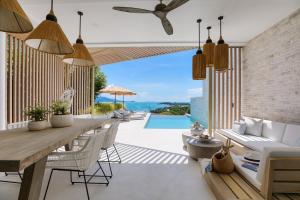 a dining room with a table and chairs and a pool at BEACHSIDE VILLA - CLOUD 9 - at BAYSIDE LUXURY VILLAS Samrong Bay Beach, 3 BED 4 BATH, SALT WATER POOL, SEA and SUNSET VIEWS, only 200m walk to the Beach in Amphoe Koh Samui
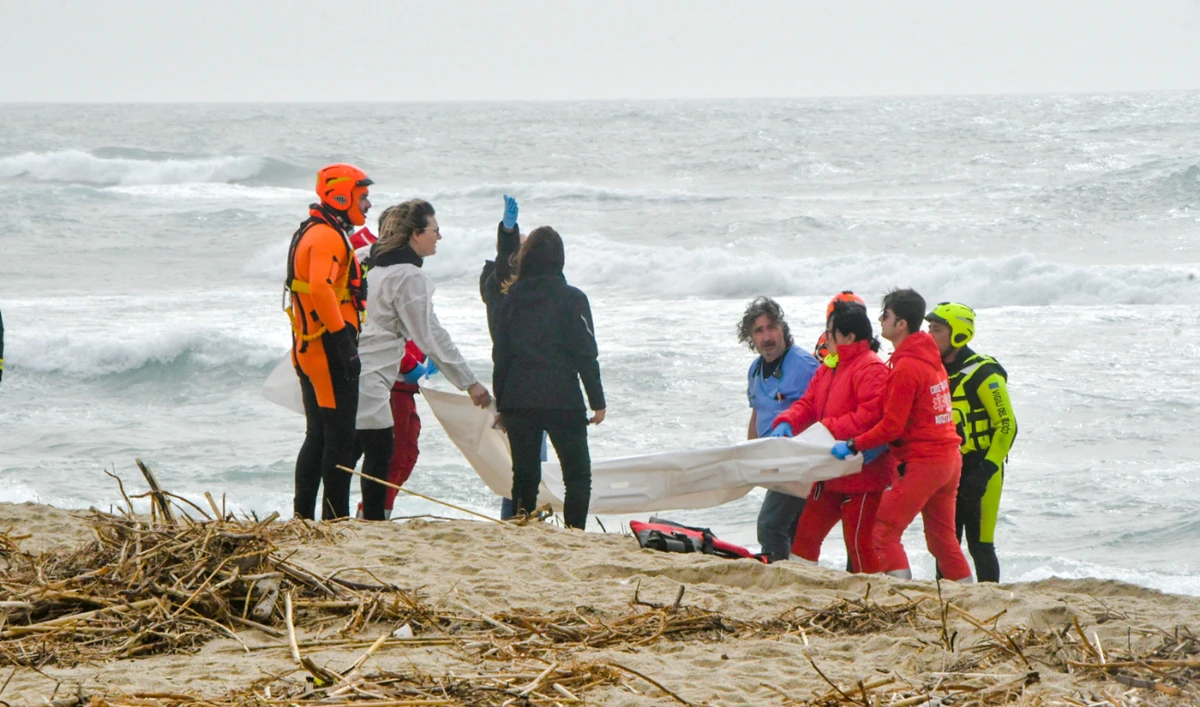 Rescuers are seen recovering a body after a migrant boat broke apart in rough seas, at a beach in Steccato di Cutro, in the Italian southern tip, killing at least 94 people in this Feb. 26, 2023 file photo. (AP)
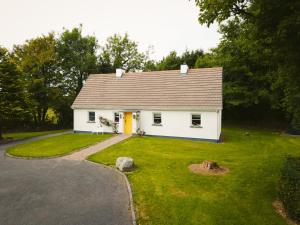 uma pequena casa branca com um quintal e uma entrada para carros em Longford Holiday Yellow Star Self-Catering Cottage em Esker South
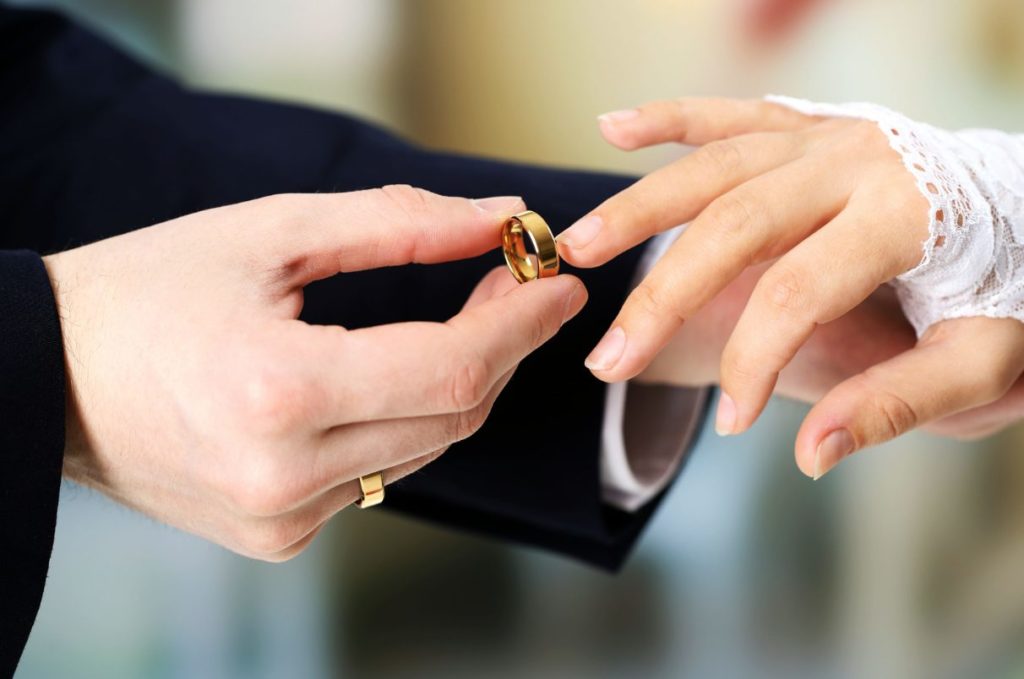 Groom placing wedding ring on bride's finger.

- [YOUR GOAL]: Begin at the line containing "Rescuers are seen" and stop at the final line of the data. Retype those lines exactly, without the pictures.

- [EXERCISE OUTPUT]:
 Rescuers are seen recovering a body after a migrant boat broke apart in rough seas, at a beach in Steccato di Cutro, in the Italian southern tip, killing at least 94 people in this Feb. 26, 2023 file photo. (AP)
 uma pequena casa branca com um quintal e uma entrada para carros em Longford Holiday Yellow Star Self-Catering Cottage em Esker South
 Groom placing wedding ring on bride's finger.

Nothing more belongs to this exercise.